AUTHOR; Sharon Cracknell
A travel diary detailing escapades in foreign lands which most of us wouldn’t dream of setting foot in! My interest was immediately ignited. Sharon Cracknell has written an entertaining anecdotal account of her travels to places the typical traveller might avoid.
With multiple predicaments to
overcome and unconventional difficulties to surmount, she travels to far-flung
challenged climes such as Ethiopia, Tanzania and Cuba. She takes in Venezuela, a land of food
shortages and unemployment, where hospitals are starved of medicine and where was difficult to travel around in due to the economic crisis since
2014.
She adds Columbia to her travel
list, a dangerous, violent country where shootings and bombings, kidnappings
and drug wars are the norm. The local currency, the Bolivar, an almost
worthless currency, funds jaunts such as cycling in Caracas taking in a five
hour tour of the infamous slums of 23 de Enero and paragliding over Chicamocha
Canyon. She cites Caracas as being well-known
for the ruthless drug lord, Pablo Escobar, a brutal man responsible for killing
thousands of people including politicians, journalists and ordinary citizens, notorious
now elsewhere in the world due to the popularity of US Crime Series, Narcos.
After visiting the ‘Stans’,
Kyrgyzstan, Uzbekistan and Turkmenistan, she ventures into North Korea via
Beijing where she eats clams doused in petrol from a barbeque (and survives!)
and goes shopping in Kwangbok Department Store (a personal bucket list ambition)
before managing to hide some of the local currency (the North Korean Won) so
that she can take it illegally back home.
After attending the Mass Games in
Pyongyang, with special guest Kim Jong Un in attendance, she enjoys the
delicacy of dog meat soup before setting off for Africa where she visits the
most hostile desert on earth, the Danakil Depression, near the border of
Eritrea. She takes in Uhuru Peak, Tanzania
and Mount Toubkal, Morocco’s highest peak.

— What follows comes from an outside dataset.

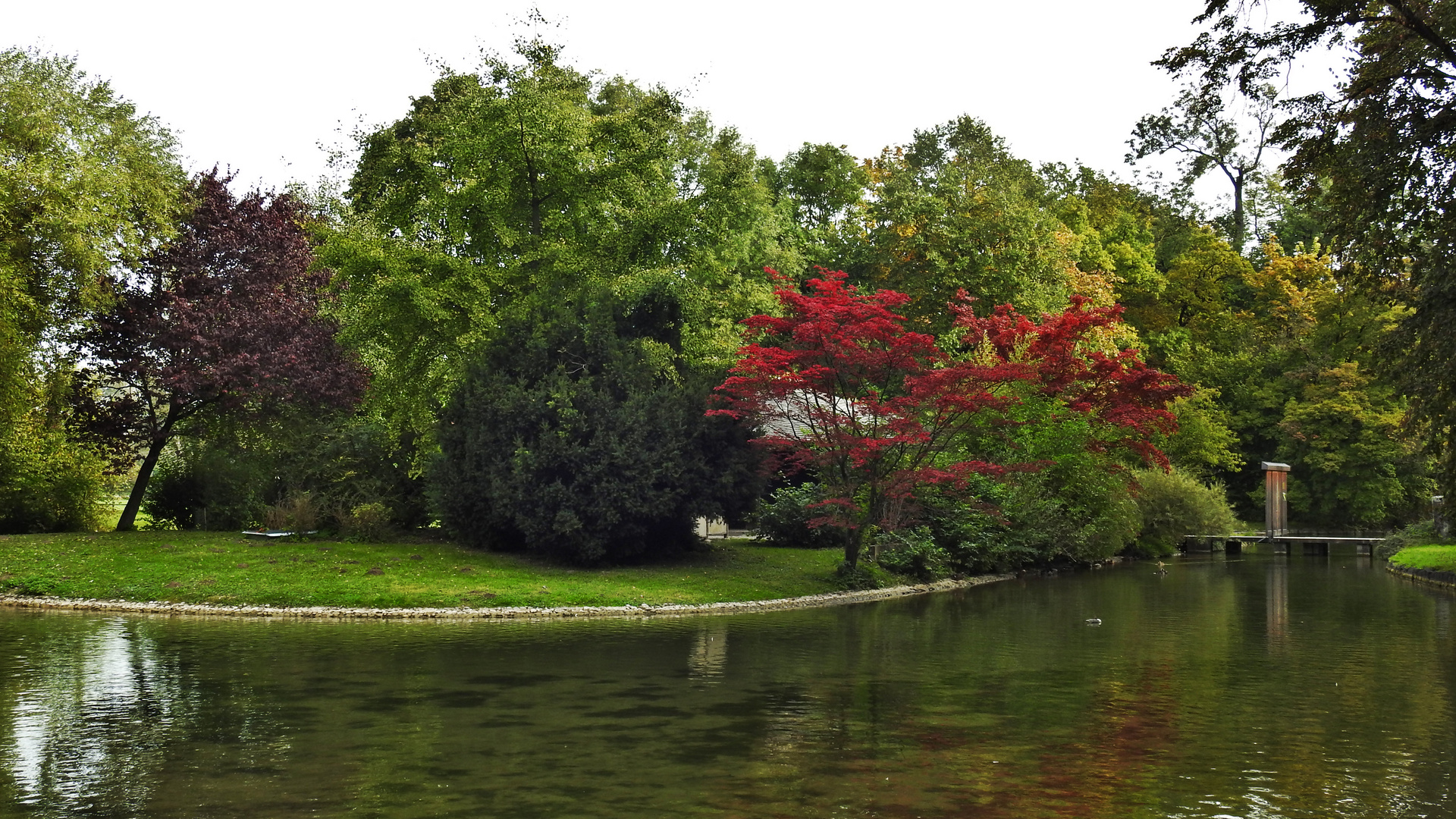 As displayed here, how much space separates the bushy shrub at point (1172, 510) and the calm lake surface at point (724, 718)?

She then sets her sights on
Havana, Cuba, where she ventures to Guantanamo Bay, the US naval base-come-prison
used many years to house Muslim militants and suspected terrorists. But it
wasn’t all foot-slogging around Cuba’s infamous landmarks. She enjoys a visit to the Buena Vista Social
Club in Santiago de Cuba in the old French quarter of Tivoli, which houses
Fidel Castro’s tomb. Whilst practicing
her Spanglish, she was transported back to a time of vibrancy of Havana’s
nightclubs during the 1940s, whilst drinking Cuba Libres and Mojitos.
Afterwards she enjoys listening to musicians
on the streets of old Havana whilst reminiscing about the many bribes, gifts,
back-handers and bungs (call them what you will) she has had to instigate to
get around the many unusual countries she has visited.
This travel diary is an
insightful account of a Yorkshire lass, who visited these remote countries with
limited knowledge of their native tongue, only just being able to order food
and ask directions acceptably. She
recalls her travels with hilarity and wit and keeps the pages alive with
entertaining stories which are incongruous whilst remaining informative.